The Delhi High Court has recently observed that contractual staff can’t be deprived of maternity rights.
The petitioner is posted as a female attendant at Geetanjali Hostel, South Campus, Delhi University (hereinafter “respondent institution”). She was appointed on an ad-hoc basis, for an initial period of six months, beginning from 4th July 2018.
The petitioner applied for maternity leave with effect from 5th May 2022 to 4th November 2022.
The same was communicated to the respondent institution vide a letter dated 19th April 2022, which was subsequently approved.
The officer-in-charge of the respondent institution, vide letter dated 21st June 2022, renewed the petitioner‟s contractual term for a period of six months w.e.f., 2nd July 2022 till 31st December 2022.
Upon rejoining the services of the respondent institution, the petitioner was apprised of the fact that her services had been terminated and she had been permanently replaced.
The petitioner made several representations to the respondents and other concerned authorities, however, there was no action on behalf of the authorities.
In furtherance of the representations made, the petitioner served a legal notice dated 23rd November 2022 to the respondents, in order to direct them to take action against the non-payment of salary during the period of maternity leave.

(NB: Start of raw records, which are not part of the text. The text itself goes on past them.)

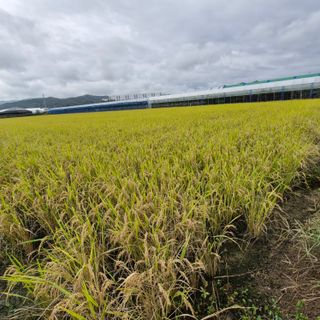 김홍례님의 벼 · 영농일지 작성글 사진
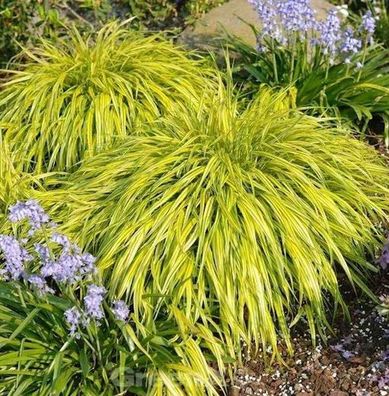 Japanisches Berggras All Gold - großer Topf - Hakonechloa macra
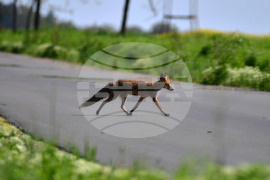 Исперих - лисица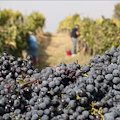 Montepulciano, vendemmia 2015: per il grande rosso vincono le quote "rosa"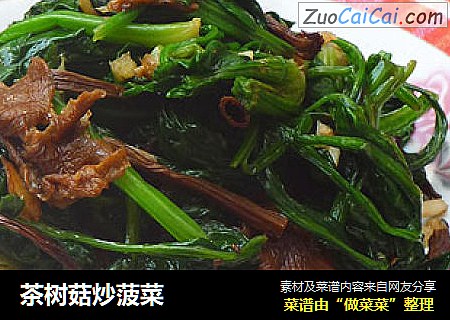 茶树菇炒菠菜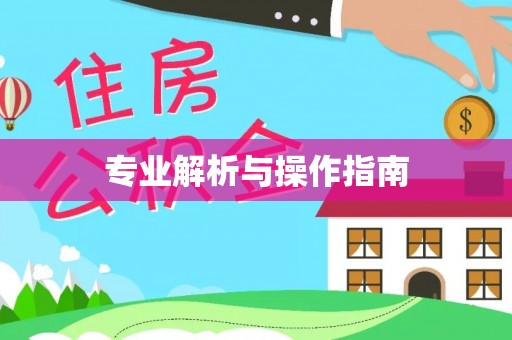 闻喜专业解析与操作指南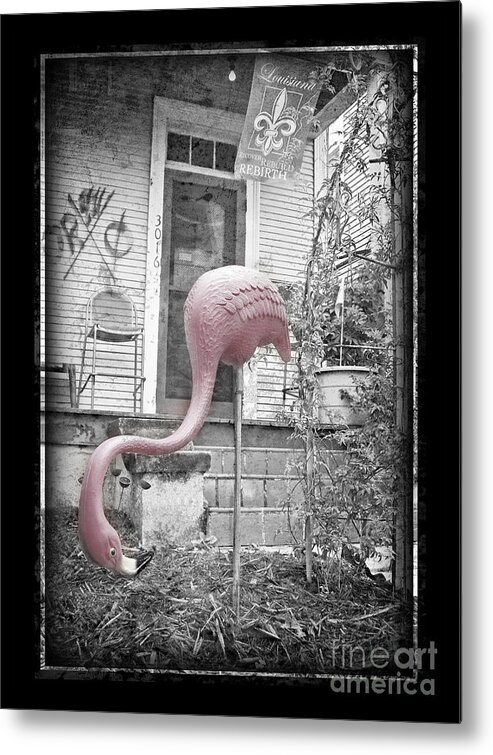 Flamingo Metal Print featuring the photograph Katrina Flamingo by Jeanne Woods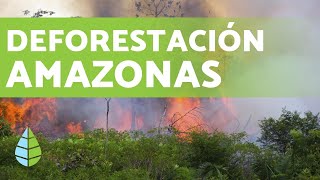 DEFORESTACIÓN DEL AMAZONAS en 2019 [upl. by Madaih]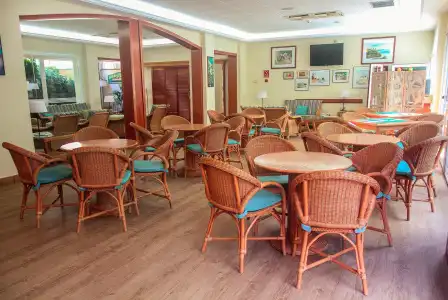 Dwo Les Palmeres - 25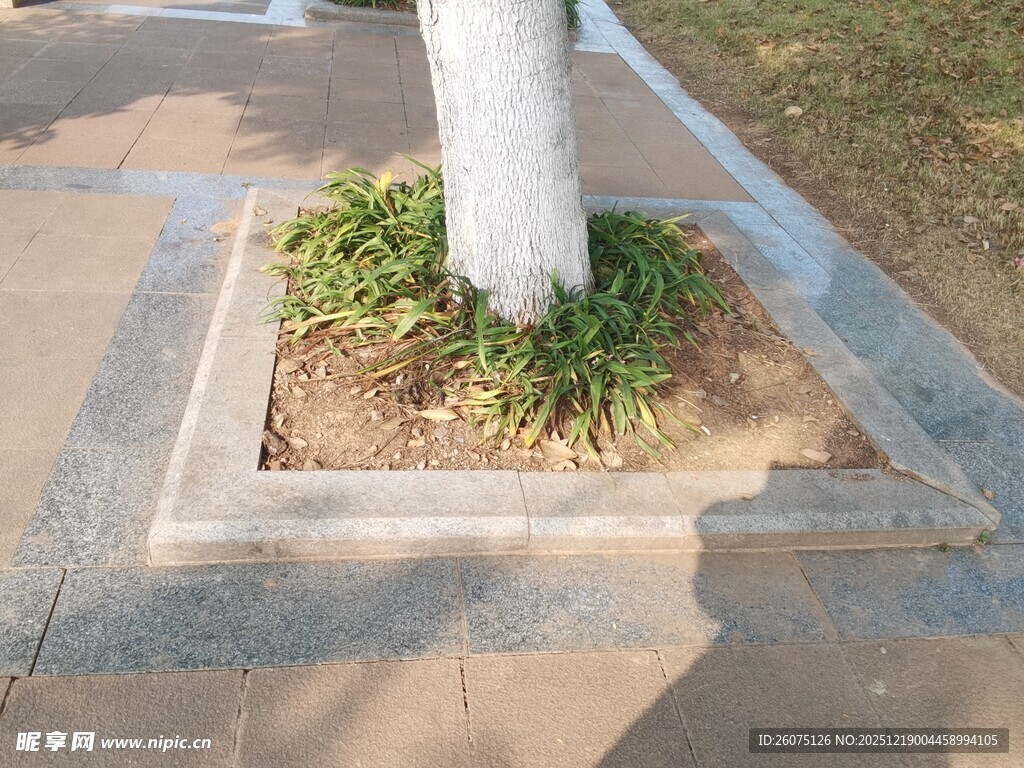 树池中的绿植景观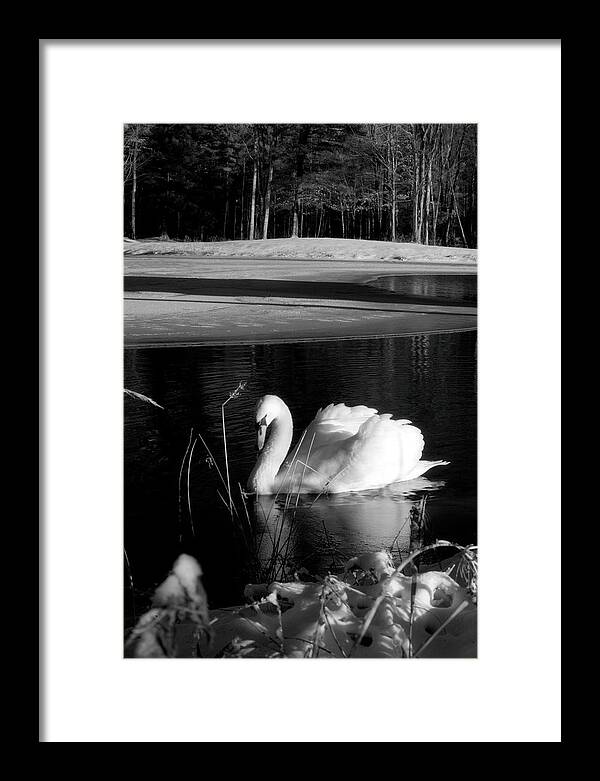 Images of Swans on Water - Framed Print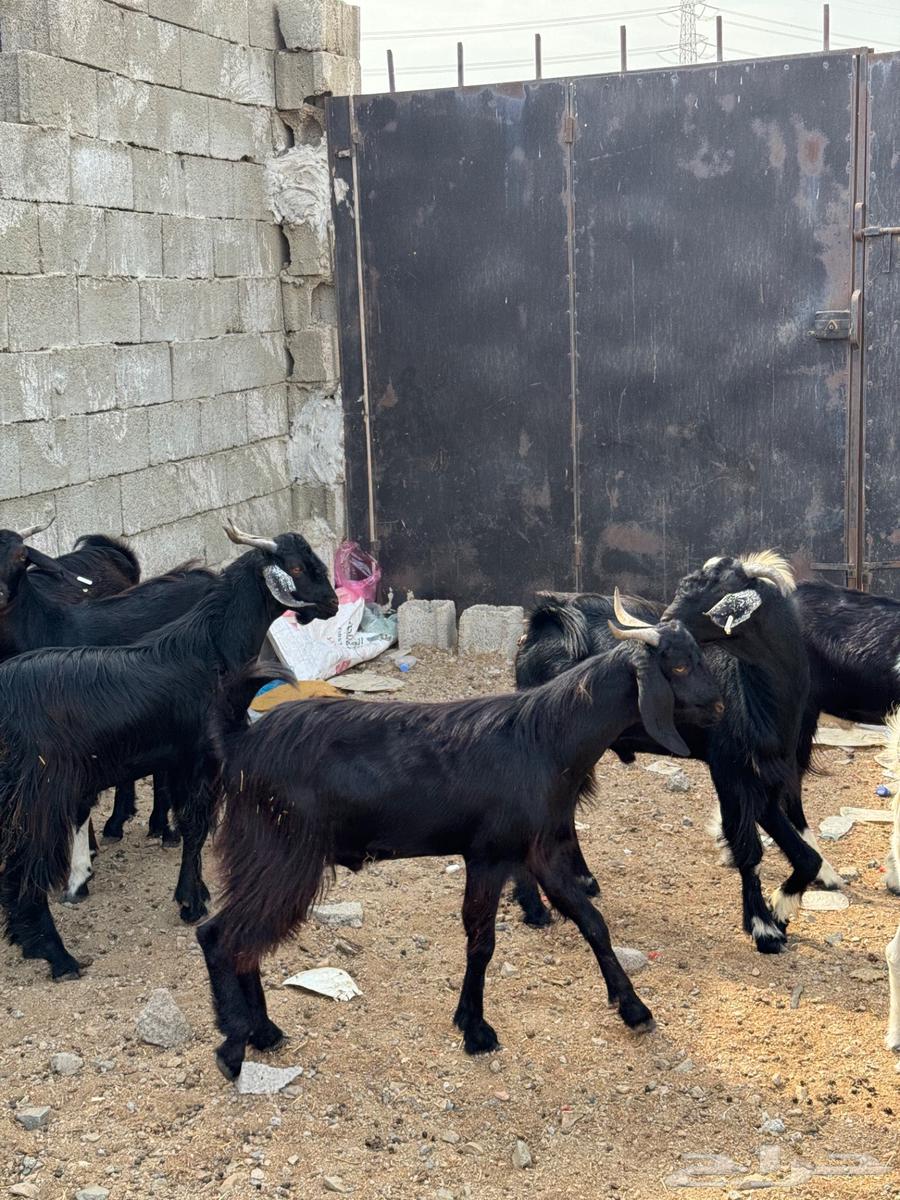 تيوس سودانيه مرابي 3 شهور64365938488193110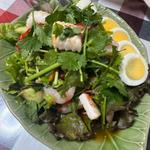 パクチーサラダ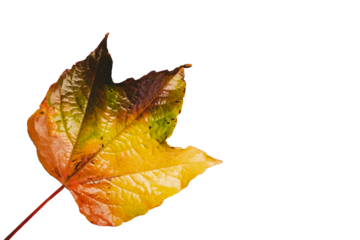 Digital png illustration of yellow leaf on transparent background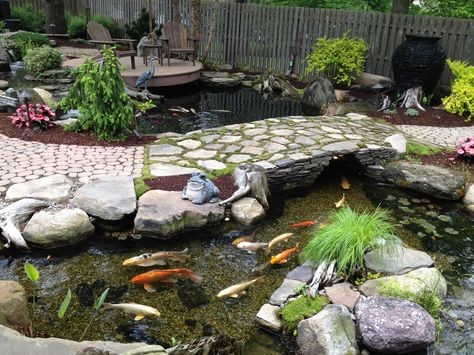 Beautiful Ecosystem Pond. Learn the Secret to Achieving a Crystal Clear, Trouble-Free Pond. Ecosystem Pond, Clear Pond, Kolam Koi, Taman Air, Goldfish Pond, Pond Maintenance, Small Pond, Koi Ponds, Fountains Backyard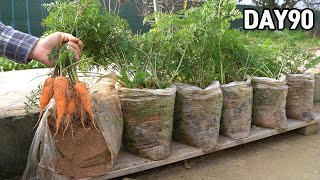 심심해서 봉지에 심어 본 당근🥕ㅣHow to grow carrots in plastic bags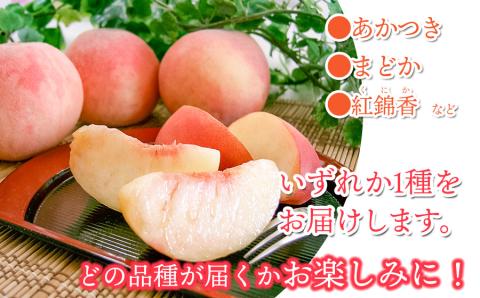 【令和6年産先行予約】 桃 品種おまかせ 5kg(15玉～18玉) 山形県鶴岡市産　株式会社 元青果
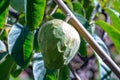 Green ripe cherimoya or ice cream exotic fruit with tasty fruit flavor growing on tree Royalty Free Stock Photo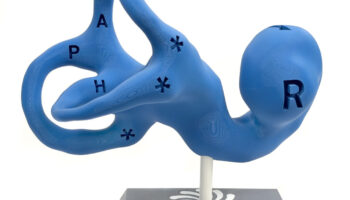 Vestibular Today - 14-inch Educational Model on 3D Printed Base - Right Ear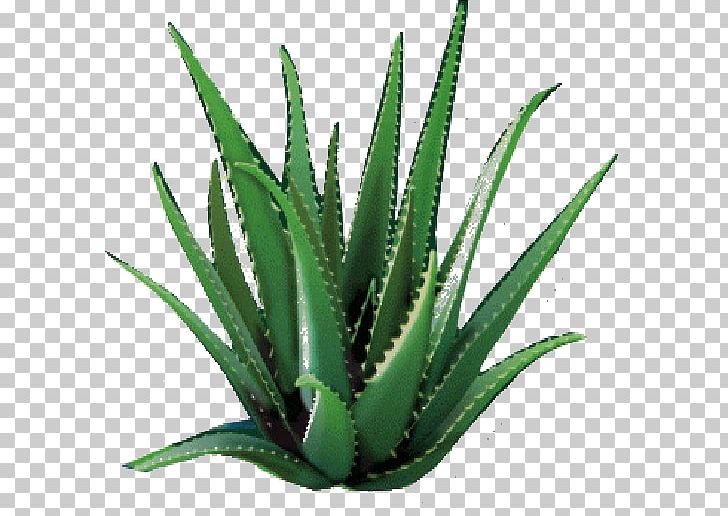 Aloe Vera Plants Skin Succulent Plant Dietary Supplement PNG, Clipart, Agave, Agave Azul, Aloe, Aloe Vera, Aloe Vera Leaf Free PNG Download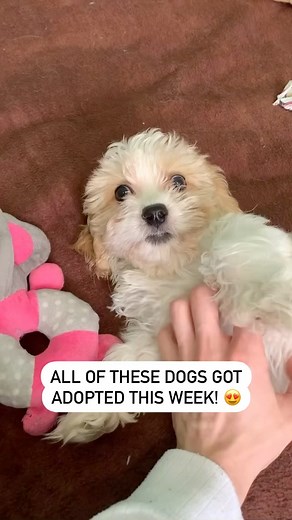 What a week we’ve had here at the rescue! 🥰 So many adoptions, so many beautiful families and so many dogs that deserve a home finally finding one, what a feeling! We know you guys often get to see the sad side of rescue, but today we wanted to show you all the side that makes our hearts sing! ❤️ Thank you so much to every single family that adopted and gave one of our precious dogs a chance at life 🥺 View our dogs looking for homes here: https://www.manytearsrescue.org/dogslookingforhomes.php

Aggrieved by the sudden termination as well as the non-payment of salary during the petitioner‟ 's maternity period, the petitioner has preferred the present petition.
Learned Counsel appearing on behalf of the petitioner submitted that the petitioner was entitled to a paid maternity leave of 26 weeks, however the same was not complied with by the respondents. It is also submitted that the respondent institution terminated the services of the petitioner without providing a cogent reason or issuing a show cause notice.
The court was of the opinion that the respondent institution had wrongly terminated the petitioner, as there was no notice issued to the petitioner before her services were concluded. Moreover, the petitioner was apprised of the sudden conclusion of her services only when she rejoined the respondent institution upon the lapse of her maternity period.
The Delhi High Court in a catena of judgments has time and again reiterated that maternity benefits cannot be denied to a female employee merely because the nature of such employment is contractual. Denial of the said benefits is inhumane and in violation of fundamental rights. Maternity rights are not something that is based on a statute but stand to be an integral part of the identity of a woman. Denial of such rights is in fact standing in the way of a woman choosing to bring life into the world, thereby violating her fundamental right to life. Such denial is indeed against the principle of social justice.
For the unversed, Section 12 of the Maternity Benefit Act, 1961, lays down a specific provision whereby dismissal of a female employee during absence or pregnancy from work is prohibited.
The Act, of 1961 also provides for paid leave and benefits regardless of the nature of the employment. It is also submitted that the University of Delhi i.e., respondent no.1, has not complied with its own notification dated 4th January 2022, whereby, maternity benefit was granted to ad-hoc/contractual staff of the University and its colleges.